Risk When Seller is in Breach

Text of Article
A. Effect of Non-Conformity of Goods on Risk in Transit
      (1) Fundamental Breach and Risk in Transit
            (a) Partial Avoidance
            (b) Damages Based on Transit Casualty
            (c) Requiring Delivery of Substitute Goods
B. Casualty to Non-Conforming Goods After Receipt by Buyer

§379 In Article 69(1) we saw that when the buyer "commits a breach of contract by failing to take delivery" this breach may transfer risk to the buyer. Article 70 addresses the question whether a breach of contract by the seller (e.g., by dispatching non-conforming goods) will prevent the risk from passing to the buyer.

Article 70 [1]

"If the seller has committed a fundamental breach of contract, articles 67, 68 and 69 do not impair the remedies available to the buyer on account of the breach."

§380 A. Effect of Non-Conformity of Goods on Risk in Transit

Article 70 applies only when "the seller has committed a fundamental breach of contract." To see the significance of this provision we need to consider the effect of breach that is not "fundamental."

Example 70A. Seller and Buyer made a contract calling for Seller to ship to Buyer 1,000 bags of No. 1 quality soybeans. The contract did not require Seller to bear the risk during transit. (Hence, under the general rule of Article 67(1), supra at §363, risk would pass to Buyer "when the goods are handed over to the first carrier for transmission to the buyer.") Seller shipped 1,000 bags of soybeans; 999 bags conformed to the contract but one bag was graded "No. 2" rather than "No. 1." (Let us assume that this non-conformity was not a "fundamental breach" under Article 25. On this assumption, Buyer could not avoid the contract under Article 49(1)(a)). However, during the shipment to Buyer, 500 bags of beans were ruined by sea-water. May Buyer claim damages (or reduce the price) because of the failure of the 500 bags to grade No. 1 at arrival? May Buyer reject the shipment ("avoid the contract") on the ground that the 500 worthless bags constituted a "fundamental breach"?

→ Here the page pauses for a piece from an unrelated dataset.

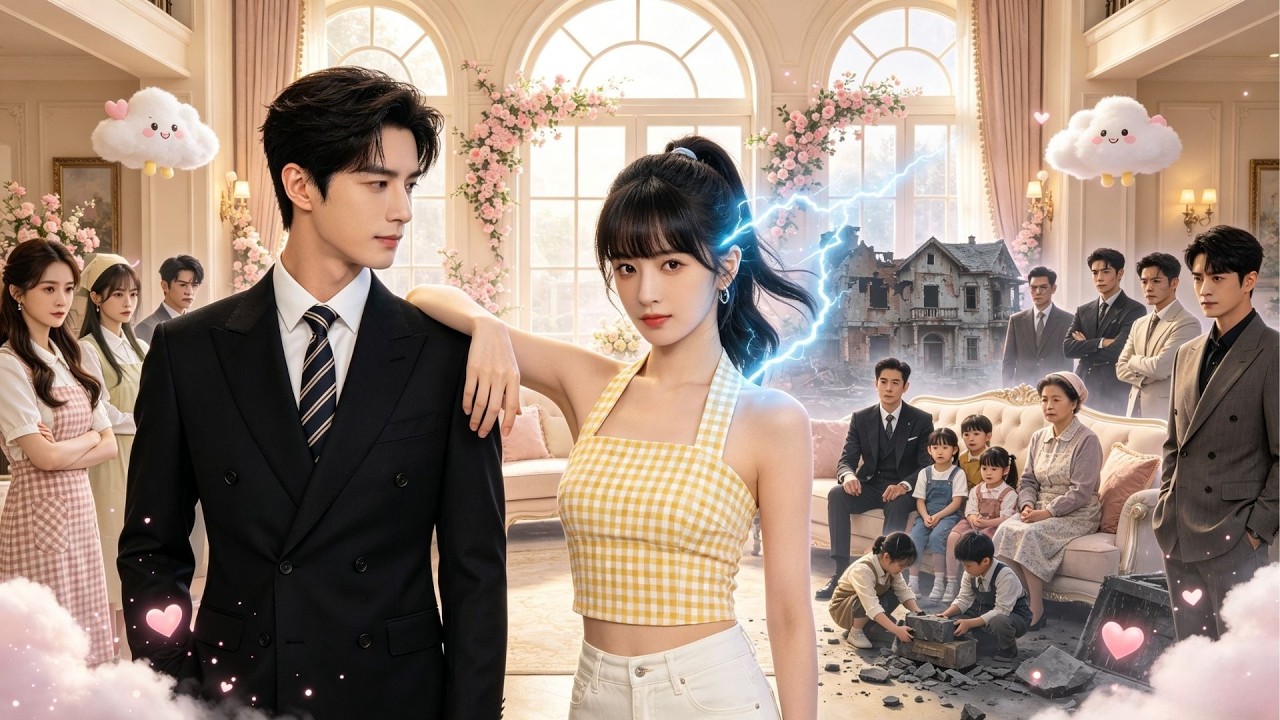[FULL] Super Strong Nanny Gets High Salary, My Boss Is The Boy I Saved Five Years Ago#minidramas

In this case Article 70 is inapplicable because (by hypothesis) the breach with respect to the one bag was not "fundamental." It follows that [page 418] the general rule on risk in transit (Art. 67(1), supra at §363) governs the case, and transit risk passed to Buyer. Under Article 36(1), supra at §241, the seller is only responsible for a "lack of conformity which exists at the time when risk passes to the buyer." Consequently, Seller is not responsible for the poor quality of the 500 bags that resulted from the casualty in transit. Of course, Seller is responsible in damages for the bag that graded No. 2 rather than No. 1; since (by hypothesis) this deviation was not a "fundamental breach" Buyer may not avoid the contract (i.e., reject the shipment).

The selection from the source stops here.